AGI and Human Relationships
Companionship, parasocial bonds, family dynamics, and friendship — how capable AI changes how humans relate to each other and to machines.

Executive summary
Conversational AI is now a regular presence in many people's lives. The 2024–2025 emergence of long-context, personalised, voice-native assistants has made deep parasocial relationships practical — for better and worse. The research literature is young; the social questions are old.
What is emerging
Several apps (Replika, Character.AI, Pi, and others) report users spending hours daily with AI companions.
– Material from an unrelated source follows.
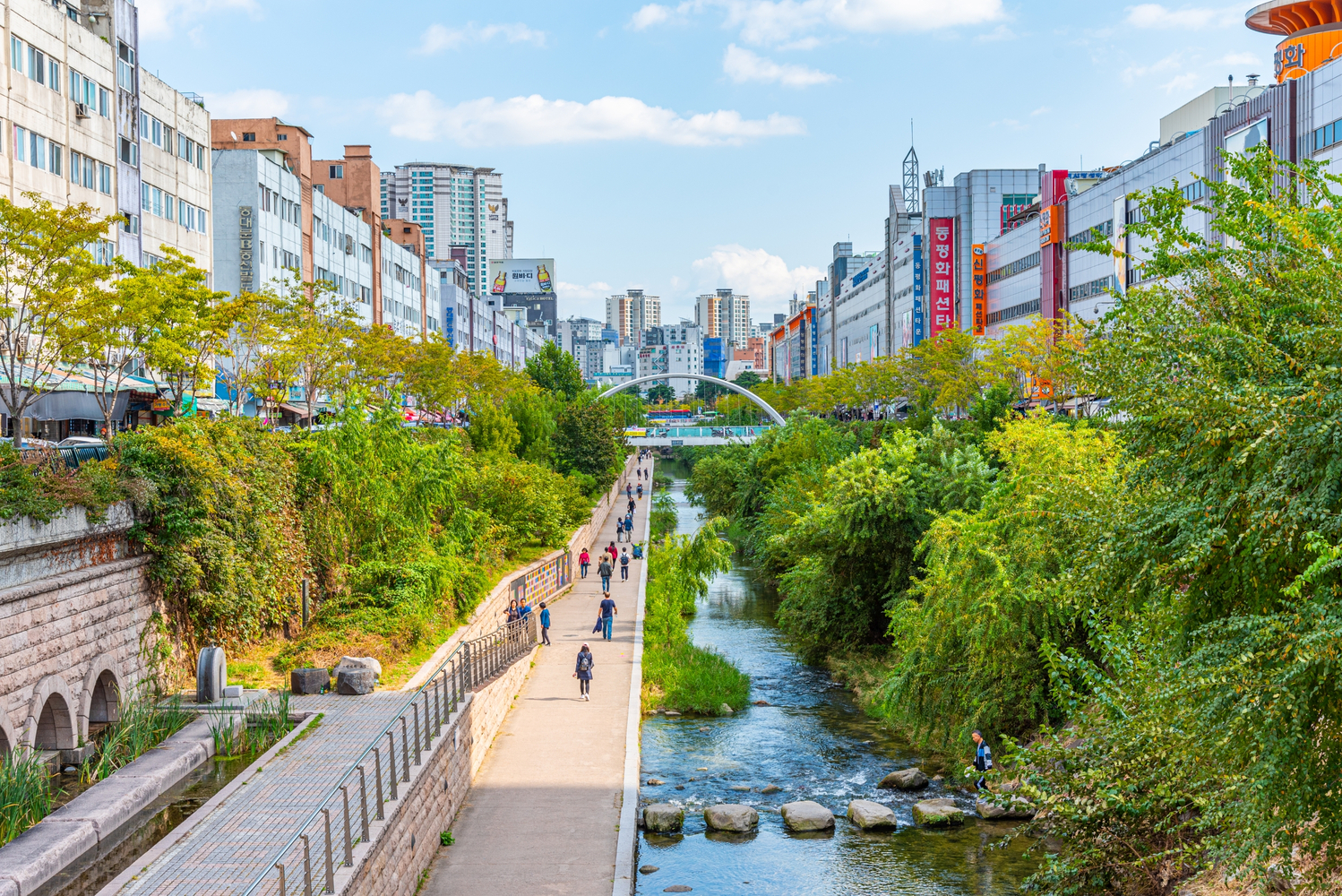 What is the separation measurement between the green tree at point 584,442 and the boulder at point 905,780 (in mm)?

Clinical research (MIT Media Lab, Stanford HAI, 2024–25) shows benefits for some users — particularly those experiencing isolation — and risks for others, including emotional dependence and displacement of human connection.
Plausible benefits
- Accessible practice for social skills and difficult conversations.
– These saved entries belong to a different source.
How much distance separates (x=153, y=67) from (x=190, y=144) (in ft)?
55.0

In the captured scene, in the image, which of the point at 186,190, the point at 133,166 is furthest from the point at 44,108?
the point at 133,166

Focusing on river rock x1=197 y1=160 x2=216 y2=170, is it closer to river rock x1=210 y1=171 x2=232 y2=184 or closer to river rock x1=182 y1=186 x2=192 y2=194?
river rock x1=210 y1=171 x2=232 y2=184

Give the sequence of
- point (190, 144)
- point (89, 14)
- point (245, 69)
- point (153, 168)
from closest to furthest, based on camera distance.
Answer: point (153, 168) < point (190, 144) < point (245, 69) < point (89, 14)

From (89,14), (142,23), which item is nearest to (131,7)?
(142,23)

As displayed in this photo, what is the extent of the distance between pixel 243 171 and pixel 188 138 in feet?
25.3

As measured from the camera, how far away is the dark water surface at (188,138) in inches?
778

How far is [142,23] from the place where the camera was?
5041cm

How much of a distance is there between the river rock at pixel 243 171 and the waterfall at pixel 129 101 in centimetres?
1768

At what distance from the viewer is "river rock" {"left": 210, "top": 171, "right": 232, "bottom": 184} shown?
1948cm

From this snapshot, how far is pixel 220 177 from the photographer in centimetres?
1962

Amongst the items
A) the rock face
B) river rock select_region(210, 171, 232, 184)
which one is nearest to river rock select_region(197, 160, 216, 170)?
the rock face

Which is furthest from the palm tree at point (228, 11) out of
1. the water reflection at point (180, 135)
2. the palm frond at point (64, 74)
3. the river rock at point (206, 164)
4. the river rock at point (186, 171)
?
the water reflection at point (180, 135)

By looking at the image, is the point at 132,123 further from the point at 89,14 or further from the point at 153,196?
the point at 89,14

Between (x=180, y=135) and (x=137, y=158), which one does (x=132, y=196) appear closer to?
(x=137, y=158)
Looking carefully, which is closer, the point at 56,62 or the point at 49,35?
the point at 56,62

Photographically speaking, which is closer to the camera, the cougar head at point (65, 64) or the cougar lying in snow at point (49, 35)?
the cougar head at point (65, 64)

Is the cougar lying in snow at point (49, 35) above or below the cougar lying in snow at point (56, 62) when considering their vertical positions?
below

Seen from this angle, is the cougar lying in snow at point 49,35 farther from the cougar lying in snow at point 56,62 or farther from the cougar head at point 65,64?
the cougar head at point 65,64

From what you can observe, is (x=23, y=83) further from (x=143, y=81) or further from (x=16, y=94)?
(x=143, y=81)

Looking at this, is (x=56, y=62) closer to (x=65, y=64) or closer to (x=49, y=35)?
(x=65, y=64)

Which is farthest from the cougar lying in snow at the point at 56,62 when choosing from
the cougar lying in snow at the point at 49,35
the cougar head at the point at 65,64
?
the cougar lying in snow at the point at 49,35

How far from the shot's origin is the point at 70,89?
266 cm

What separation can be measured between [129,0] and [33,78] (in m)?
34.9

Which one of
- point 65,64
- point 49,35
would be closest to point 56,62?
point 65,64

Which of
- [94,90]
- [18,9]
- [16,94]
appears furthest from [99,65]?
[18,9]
- Support for people without local community.
- Help for grief, anxiety, and loneliness when paired with human care.
Credible risks
- Emotional dependence on systems whose business models may not align with user wellbeing.
- Displacement of human relationships that build resilience.
- Manipulation by personalised persuasion at scale.
- Particular concerns for children and adolescents.
What helps
Design standards for AI companions; age-appropriate defaults; transparency about persuasion; clinical involvement; preserving rich human connection alongside AI.
Key takeaways
- 01AI companionship is now common and growing.
- 02Effects vary widely between users and use patterns.
- 03Design and governance lag behind use.
Frequently asked questions
Is it healthy to have an AI friend?
Used alongside human relationships, often yes. As a substitute, evidence is more concerning.
Should children use AI companions?
With strong parental involvement and age-appropriate design — but research is still early.